**Source material:**
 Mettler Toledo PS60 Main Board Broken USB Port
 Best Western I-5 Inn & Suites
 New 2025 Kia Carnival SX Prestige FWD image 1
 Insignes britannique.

**What needs to be done:**
Your job is to restate all of the data word for word.

**Response below:**
 Mettler Toledo PS60 Main Board Broken USB Port
 Best Western I-5 Inn & Suites
 New 2025 Kia Carnival SX Prestige FWD image 1
 Insignes britannique.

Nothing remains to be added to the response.